O Estado de São Paulo, n.46192, 06/04/2020. Política, p.A4

 

'A hora deles vai chegar', ameaça Bolsonaro

Mateus Vargas

06/04/2020

 

 

Presidente se ajoelha em frente ao Palácio, reza com pastores e, sem citar nomes, diz que ‘algo subiu na cabeça’ de seus ministros; por fim, garante: ‘minha caneta funciona’

Caminhada. O presidente afirmou ainda que trabalha para colocar o Brasil em posição de destaque após a crise

Em meio a uma disputa e divergências com o ministro da Saúde, Luiz Henrique Mandetta, sobre estratégia para combate ao novo coronavírus, o presidente Jair Bolsonaro mandou uma série de recados na tarde de ontem. Em conversa com apoiadores em frente ao Palácio da Alvorada, ele disse que “algo subiu na cabeça” de pessoas do seu governo, mas que a “hora deles vai chegar”. “A minha caneta funciona”, afirmou Bolsonaro, sem mencionar nomes.

Rodeado por fiéis, o presidente atendeu o pedido de um pastor e se ajoelhou com o grupo, que fez orações e cantou músicas de louvor. Em silêncio, o presidente ouviu o pastor, em tom exaltado, dizer que, a partir daquele instante, não haveria mais nenhuma morte pela covid-19 no Brasil, porque o País estaria abençoado por Deus e pelo presidente Bolsonaro.

“Algumas pessoas no meu governo, algo subiu à cabeça deles. Estão se achando. Eram pessoas normais, mas de repente viraram estrelas. Falam pelos cotovelos. Tem provocações. Mas a hora deles não chegou ainda não. Vai chegar a hora deles. A minha caneta funciona. Não tenho medo de usara a caneta nem pavor. E ela vai ser usada para o bem do Brasil, não é para o meu bem. Nada pessoal meu. A gente vai vencer essa”, declarou o presidente.

Bolsonaro escancarou seu descontentamento com Mandetta na última semana. O presidente disse que falta “humildade” ao ministro e, embora tenha afirmado que não pretende dispensá-lo “no meio da guerra”, ressaltou que ninguém é “indemissível” em seu governo.
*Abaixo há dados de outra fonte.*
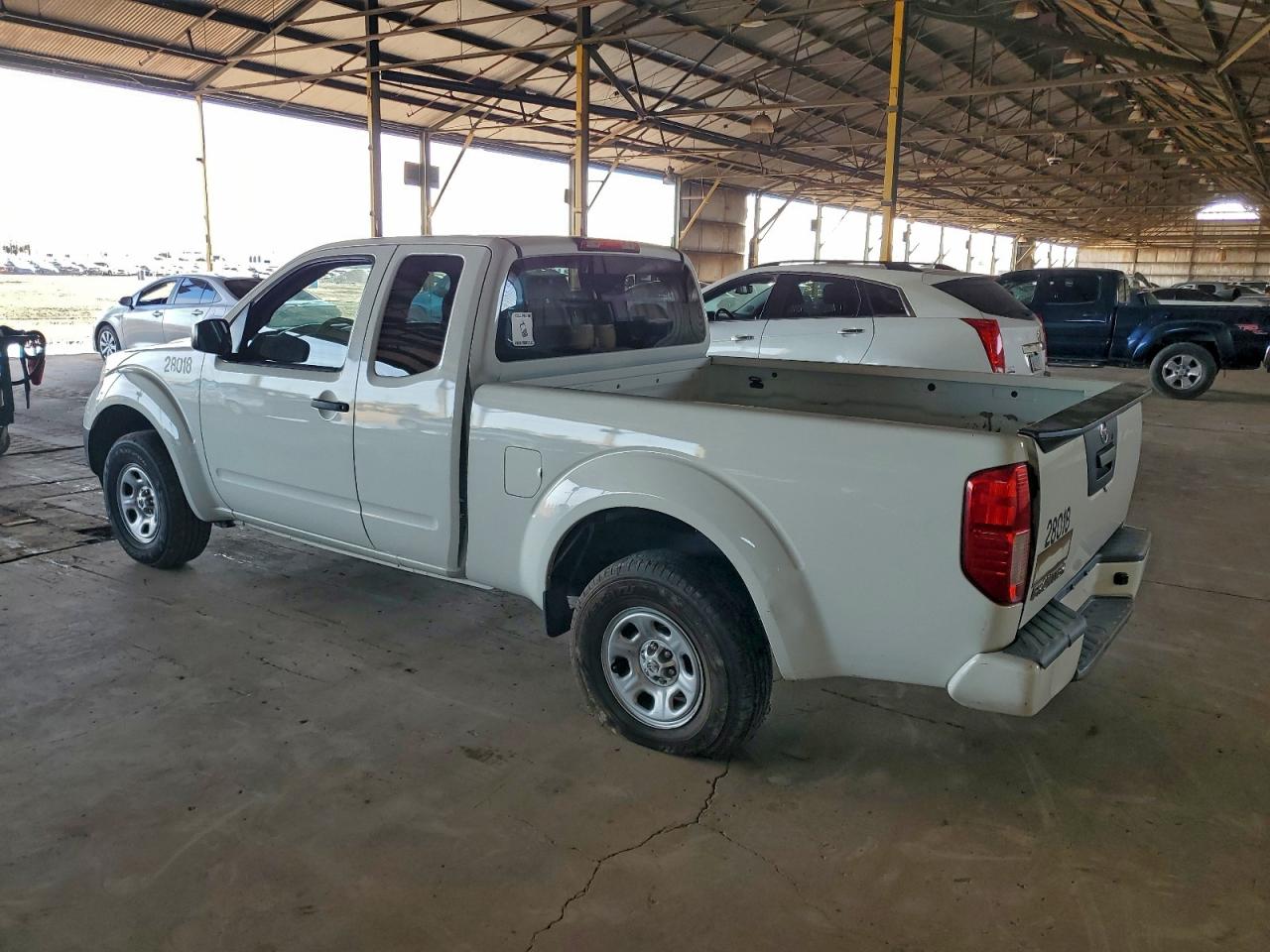 2018 NISSAN FRONTIER S photo 2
Ontem, após os recados do presidente, Mandetta se esquivou de comentar as afirmações do chefe. Questionado cerca de uma hora após as declarações, ele afirmou que ainda não tinha visto ainda a frase. “Eu estou dormido”, disse, parecendo bocejar ao telefone. “Amanhã eu vejo, tá?”, completou.

O protagonismo do auxiliar durante a pandemia do coronavírus já vinha incomodando o presidente há algum tempo. Ao ser confrontado com o que o chefe dissera na quinta-feira, Mandetta respondera então: “Trabalho, lavoro, lavoro”, repetindo a palavra que significa “trabalho” em italiano. Depois disse que continuaria no governo, afirmando que um médico não abandona o seu paciente.
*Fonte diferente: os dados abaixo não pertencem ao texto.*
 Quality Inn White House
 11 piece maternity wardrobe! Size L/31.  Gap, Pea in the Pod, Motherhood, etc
O incomodo de Bolsonaro não está restrito apenas à insistência de Mandetta em apoiar as quarentenas decretadas pelos Estados. O presidente também está muito irritado com o crescimento de popularidade de seu ministro, enquanto vê sua reprovação crescer entre a população, com atestam as pesquisas desta última semana.
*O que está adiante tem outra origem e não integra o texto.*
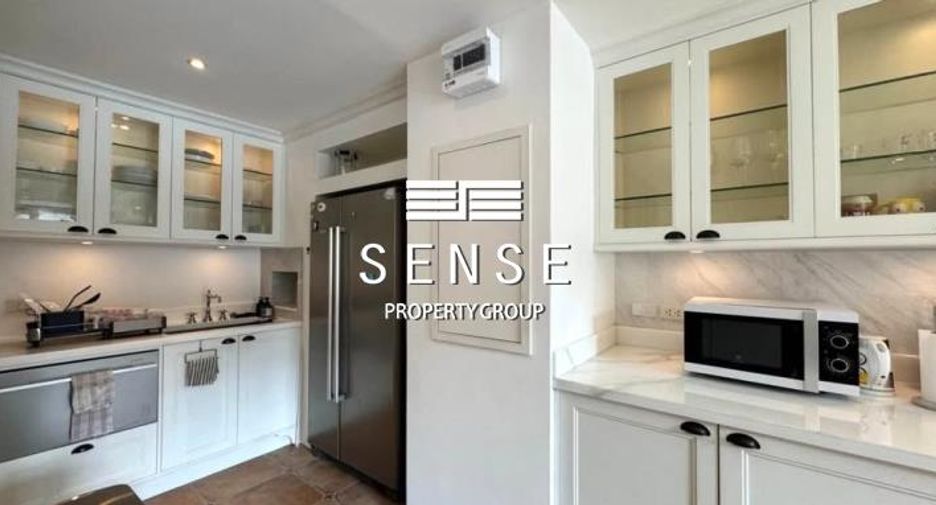 For rent 3 bedrooms townhouse in Watthana, Bangkok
Na semana passada, o presidente já havia contrariado orientações sanitárias ao fazer um tour por Brasília, quando também provocou aglomerações e cumprimentou fãs. O Ministério da Saúde coloca o Distrito Federal (DF), como uma das unidades da federação que estão entrando em fase “descontrolada” de contaminação. Para estes locais, a pasta recomenda que medidas de isolamento amplo sejam mantidas.

O presidente também voltou a criticar ontem as quarentenas determinadas por governadores. Ele disse que “cada chefe do Executivo” quis impor “mais medidas restritivas que o outro”. “Como se estivessem preocupados com a vida de alguém. A gente sabe que a preocupação é muitas vezes jogada política.”

O presidente afirmou ainda que trabalha para, após a pandemia, recolocar o Brasil em lugar de estaque. “Nenhum país do mundo tem o que a gente tem. Em especial o povo, até pacífico demais, até muitas vezes. Mas a gente tem de pregar isso. Mensagem de paz e não de terrorismo, histeria, como foi pregado junto ao povo brasileiro.”

Estrelas

“Algumas pessoas no meu governo, algo subiu à cabeça deles. Estão se achando. Eram pessoas normais, mas de repente viraram estrelas.”